Clyde & Co’s Qatar office regularly takes part in webinars arranged and hosted by the UK Trade & Investment office based in Qatar; one such recent webinar focussed on Qatar’s education sector. The development Qatar’s workforce, which is estimated to be increasing by 10% per annum, is reflected in the high demand for school places. Some of the webinar content is considered below.
The Qatar economy had the world’s highest gross domestic product per capita in 2013, being USD 109,000, and this is expected to rise in 2014. Qatar, a country with a land mass of half the size of Wales, United Kingdom, is headed by HH Sheikh Tamim bin Hamad Al Thani.

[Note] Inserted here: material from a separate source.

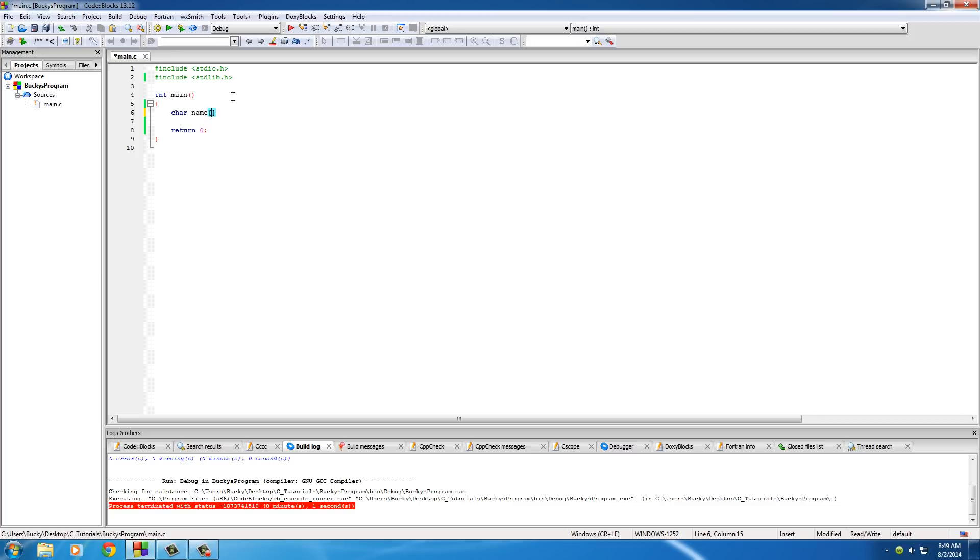And in between these brackets, we need to tell it how many bytes this string is going to take up. Now remember, my name, Bucky Roberts, with the space included, it's 13 characters. However, we need to set aside some space for the string terminator at the end. So I'm going to put 14 right there.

Qatar’s main source of wealth is oil and gas, but it is currently seeking to diversify its economy. The Qatar National Vision 2030 sets out the country’s strategy and development priorities. A high level of importance is placed on education with the Prime Minister being appointed in 2013 to oversee education. Qatar’s budget for the fiscal year 2014/15 is estimated to be USD 60 billion with USD 7.3 billion having been allocated to education. The successful bids for both the athletics championships in 2020 and the World Cup in 2022 has aided the pace of development.
The Supreme Education Council (SEC), established in 2002, oversees education policy, specifically including setting school fees. PriceWaterhousecoopers were retained by the SEC in 2013 to advise specifically on fees. The SEC is further sub-divided into the Institutes of Education, Evaluation and Higher Education. The priorities for the SEC remain PISA scores, literacy and numeracy, a focus on the quality of learning and teaching, Science, Technology, Engineering and Mathematics, English and Arabic languages, health living and Special Education Needs. The priorities for higher education in particular includes attracting international facilities and students, increasing the number of Qatari nationals and the development of Masters and PhD programmes. In addition Qatar Foundation has an interest in the development of education in Qatar. Qatar Foundation’s flagship project is Education City, an eight mile cluster of learning and research hosting the Qatari branches of many international universities, eg. Georgetown, UCL, and two local Qatari universities, (HBKU and Islamic Studies). More than 4,000 Qatari and international students attend the educational facilities in Education City. The third entity with an interest in the development of education in Qatar is Qatar University, the only public university in Qatar. The university is made up of seven colleges, some 14,000 students and has recently moved from English to Arabic as the official teaching language.
Qatar has three types of schools, independent (Qatari curriculum), international and Embassy sponsored. In the 2014/15 academic year 243,000 students attended Qatar schools, an increase of 25% on the previous academic year. 13 new school, six new pre-schools and one new international school came on line and 22 new school licenses were issued. This figure includes 178 independent schools wtih 105,636 students, an increase of 7.4% on the previous academic year. The remainder were private and international schools.
Challenges to the Qatar education sector, and those wishing to invest in it, include obtaining an understanding of the market place, high regulation, a shortage of teachers, accreditation, licensing, the availability and cost of land, construction and operating against school fees. Opportunities include growing demand, the development of both State and private schools, vocational training, qualifications and accreditation, teacher training, special needs education and consultancy services.